Neural networks are unreliable sometimes because, like people, they tend to optimize for the wrong things when rewards are poorly defined.

Throwback to Pilipinas Akyatlon 2012 with Fr. Jay,
A reminder that chasing the wrong peak, like training a network on the wrong reward, can leave you short of the true summit.
For example, fitness trackers reward step counts, but people can cheat by shaking their wrist instead of actually walking.
If one does not know to which port one is sailing, no wind is favorable.
Seneca
In schools, students may chase high test scores through memorization rather than true understanding.
Even in running, some athletes pad their mileage just to meet weekly targets, ignoring whether those miles build fitness.

Digging into Chapter 8, rewards, reliability, and the risks of chasing the wrong goals.

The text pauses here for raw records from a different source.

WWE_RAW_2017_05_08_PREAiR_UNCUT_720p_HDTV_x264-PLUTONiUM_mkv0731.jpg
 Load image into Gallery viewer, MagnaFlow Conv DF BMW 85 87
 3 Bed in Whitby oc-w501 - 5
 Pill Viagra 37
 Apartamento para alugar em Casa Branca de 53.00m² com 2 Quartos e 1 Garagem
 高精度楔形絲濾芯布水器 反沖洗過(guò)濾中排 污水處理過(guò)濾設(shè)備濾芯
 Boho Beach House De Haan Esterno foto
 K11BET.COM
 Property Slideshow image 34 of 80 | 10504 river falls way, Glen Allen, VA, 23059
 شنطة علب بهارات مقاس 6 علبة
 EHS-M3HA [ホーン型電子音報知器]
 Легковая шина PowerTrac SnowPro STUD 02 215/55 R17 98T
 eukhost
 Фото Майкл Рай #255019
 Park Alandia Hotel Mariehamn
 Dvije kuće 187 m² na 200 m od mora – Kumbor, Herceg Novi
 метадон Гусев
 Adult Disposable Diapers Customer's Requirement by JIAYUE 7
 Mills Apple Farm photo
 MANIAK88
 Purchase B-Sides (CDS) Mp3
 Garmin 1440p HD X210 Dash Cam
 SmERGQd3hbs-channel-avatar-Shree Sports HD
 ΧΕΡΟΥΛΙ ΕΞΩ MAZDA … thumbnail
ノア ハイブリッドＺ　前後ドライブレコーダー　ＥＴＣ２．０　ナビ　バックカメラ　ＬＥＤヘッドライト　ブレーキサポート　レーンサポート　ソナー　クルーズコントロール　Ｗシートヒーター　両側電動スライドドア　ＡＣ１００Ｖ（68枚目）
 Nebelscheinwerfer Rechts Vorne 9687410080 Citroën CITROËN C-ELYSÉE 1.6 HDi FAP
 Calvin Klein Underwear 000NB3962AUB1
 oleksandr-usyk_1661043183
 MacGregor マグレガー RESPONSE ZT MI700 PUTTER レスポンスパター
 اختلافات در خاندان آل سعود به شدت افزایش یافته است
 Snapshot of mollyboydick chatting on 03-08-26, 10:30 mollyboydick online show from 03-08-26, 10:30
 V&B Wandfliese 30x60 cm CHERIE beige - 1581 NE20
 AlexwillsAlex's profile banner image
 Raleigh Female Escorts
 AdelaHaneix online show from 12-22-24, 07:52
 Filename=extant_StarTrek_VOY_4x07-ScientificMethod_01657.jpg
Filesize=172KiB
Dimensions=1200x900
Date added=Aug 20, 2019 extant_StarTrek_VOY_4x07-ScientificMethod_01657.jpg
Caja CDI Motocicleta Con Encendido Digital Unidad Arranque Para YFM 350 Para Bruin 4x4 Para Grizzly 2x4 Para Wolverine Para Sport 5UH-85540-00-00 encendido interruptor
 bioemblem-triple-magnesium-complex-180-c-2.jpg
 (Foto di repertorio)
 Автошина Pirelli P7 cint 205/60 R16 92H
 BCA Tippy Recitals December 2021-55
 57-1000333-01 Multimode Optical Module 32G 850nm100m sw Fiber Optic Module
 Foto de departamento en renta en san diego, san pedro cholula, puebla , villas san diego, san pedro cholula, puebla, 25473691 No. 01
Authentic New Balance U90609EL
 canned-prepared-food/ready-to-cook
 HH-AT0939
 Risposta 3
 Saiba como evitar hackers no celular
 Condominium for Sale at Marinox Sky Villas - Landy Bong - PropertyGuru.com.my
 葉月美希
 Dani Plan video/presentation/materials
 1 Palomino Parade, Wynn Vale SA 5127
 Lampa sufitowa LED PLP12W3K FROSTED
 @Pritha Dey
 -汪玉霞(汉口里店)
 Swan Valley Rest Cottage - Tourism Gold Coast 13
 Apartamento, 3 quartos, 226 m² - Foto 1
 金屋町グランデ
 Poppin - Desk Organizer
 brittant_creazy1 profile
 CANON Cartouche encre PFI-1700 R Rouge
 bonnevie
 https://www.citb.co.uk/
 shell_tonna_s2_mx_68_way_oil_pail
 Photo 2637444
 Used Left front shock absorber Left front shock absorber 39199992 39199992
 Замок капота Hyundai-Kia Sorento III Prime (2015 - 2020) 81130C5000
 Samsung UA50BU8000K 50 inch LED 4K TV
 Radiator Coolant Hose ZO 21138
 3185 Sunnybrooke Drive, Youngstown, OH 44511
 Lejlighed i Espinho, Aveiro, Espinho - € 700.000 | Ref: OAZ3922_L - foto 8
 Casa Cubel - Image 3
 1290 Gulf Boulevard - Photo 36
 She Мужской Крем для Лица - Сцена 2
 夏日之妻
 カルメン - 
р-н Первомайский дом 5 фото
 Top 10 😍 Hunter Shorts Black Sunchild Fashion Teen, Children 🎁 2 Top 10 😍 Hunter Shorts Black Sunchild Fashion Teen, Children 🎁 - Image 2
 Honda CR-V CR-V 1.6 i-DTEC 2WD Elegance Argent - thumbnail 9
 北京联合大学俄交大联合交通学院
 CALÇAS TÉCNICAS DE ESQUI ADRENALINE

Mitchell’s Chapter 8 shows the same pattern in machines: when neural networks are trained on narrow or imperfect reward signals, they find clever shortcuts that satisfy the metric but miss the true goal, leading to outcomes that seem successful on paper but fail in real life.
Life finds a way.
I remembered this scene from Jurassic Park when I was a kid: Dr. Ian Malcolm saying, ‘Life finds a way.’ It struck me again today while reading Mitchell’s book. Even when systems are designed carefully, they can behave in unpredictable ways. Just like in running, training plans don’t always unfold as expected, and in neural networks, reward-driven goals can sometimes take surprising, even sideways, turns.